With thanks to guest lecturer Ari Edmundson.

Let’s immerse ourselves in the real-world story of data scientists working for an organization called the Cook County Assessor’s Office (CCAO). Their job is to estimate the values of houses in Cook County, Illinois, in order to determine property taxation rates. This is because the property tax burden (the amount of tax to be paid by a homeowner) in this area is determined by the estimated value of a house. The homeowner of a house that is higher in value will have to pay more property tax than the homeowner of a house that is lower in value.
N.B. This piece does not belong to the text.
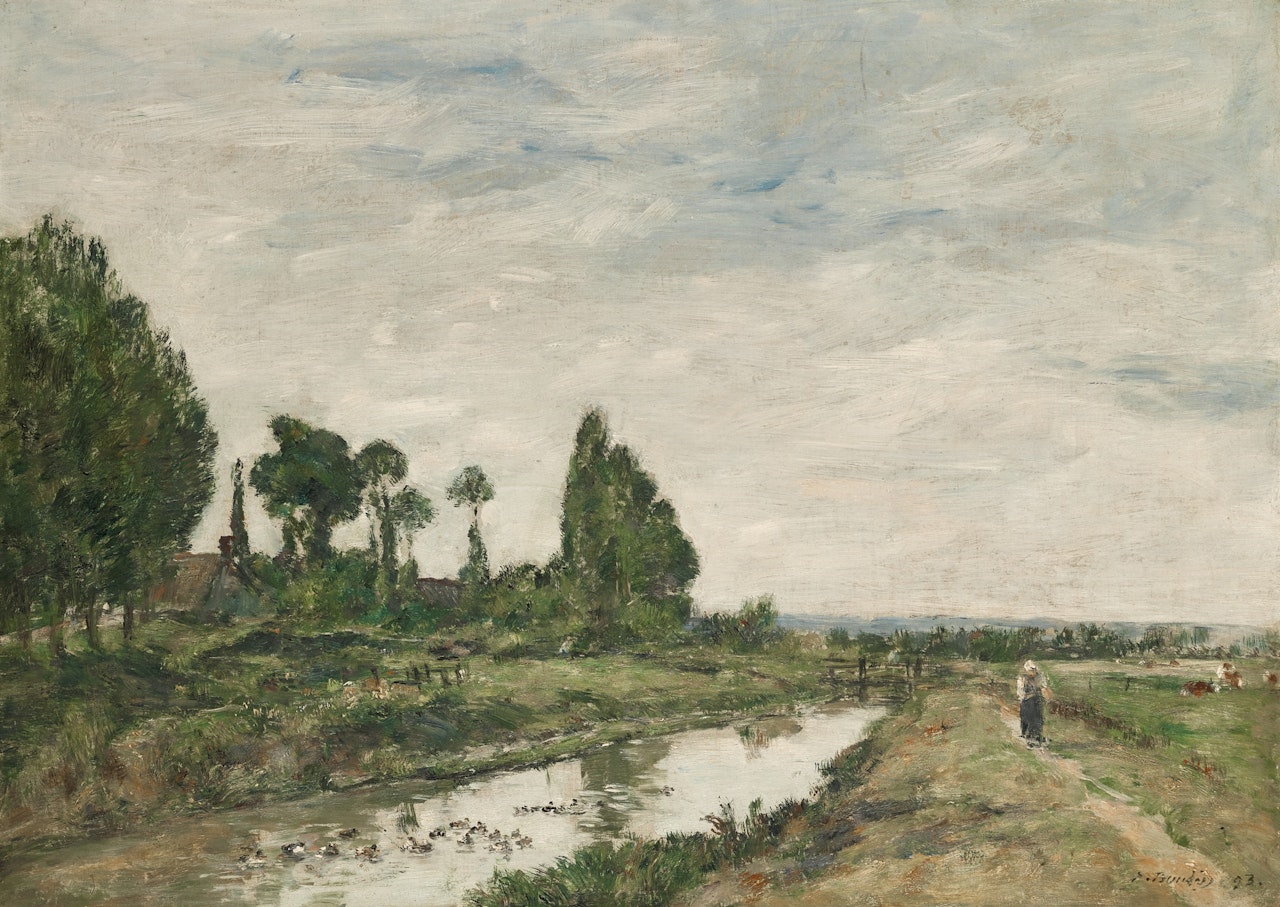 Petit canal à Quillebœuf by Eugène Boudin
In the eyes of the CCAO, a house’s “value” may differ from its price on the housing market, which is why assessment of properties is necessary. Additionally, some homes may have never been listed on the housing market before, so they have no established “sale price.” Since values change over time and there is no obvious indicators of value, the CCAO created a model to estimate the values of houses. In this lecture, we will dig deep into issues of biases encoded into this model, the consequences for human lives, and how we can learn from this example to do better.

14.1 The Problem

A 2017 report by the Chicago Tribune uncovered a major scandal. The team showed that the model perpetuated a highly regressive tax system which disproportionately burdened Black and Latinx homeowners in Cook County.
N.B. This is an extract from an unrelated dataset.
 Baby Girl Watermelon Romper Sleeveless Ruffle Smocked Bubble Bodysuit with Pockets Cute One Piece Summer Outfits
To understand the implications of a regressive tax system for these communities, we’ll first consider some background.

In the field of housing assessment, assessors often use two metrics to estimate the fairness of assessments: the coefficient of dispersion and the price-related differential. The details of these metrics are out of scope for Data 100, but you can think of them as methods of measuring the “consistency” with which an assessor assigns values to properties. Investigators found that the property valuations performed by the CCAO did not fall into acceptable ranges.

This by itself was not the end of the story, but was an indicator that something fishy was going on.
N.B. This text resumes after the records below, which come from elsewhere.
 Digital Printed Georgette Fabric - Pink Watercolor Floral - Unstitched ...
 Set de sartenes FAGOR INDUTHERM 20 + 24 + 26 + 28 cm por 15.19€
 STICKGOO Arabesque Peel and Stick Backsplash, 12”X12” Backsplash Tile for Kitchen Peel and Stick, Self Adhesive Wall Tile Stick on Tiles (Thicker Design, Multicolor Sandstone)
This finding prompted the investigative team to assess if the model designed by the CCAO was outputting fair tax rates. After accounting for the income level of the property homeowner, they found that the CCAO’s model was producing a regressive tax system. Properties owned by low-income homeowners were being overvalued, which meant that these homeowners had to pay property taxes at a rate higher than the true worth of their homes.

Regressive: A tax rate is regressive if the percentage tax rate is higher for individuals with lower net income.

Progressive: A tax rate is progressive if the percentage tax rate is higher for individuals with higher net income.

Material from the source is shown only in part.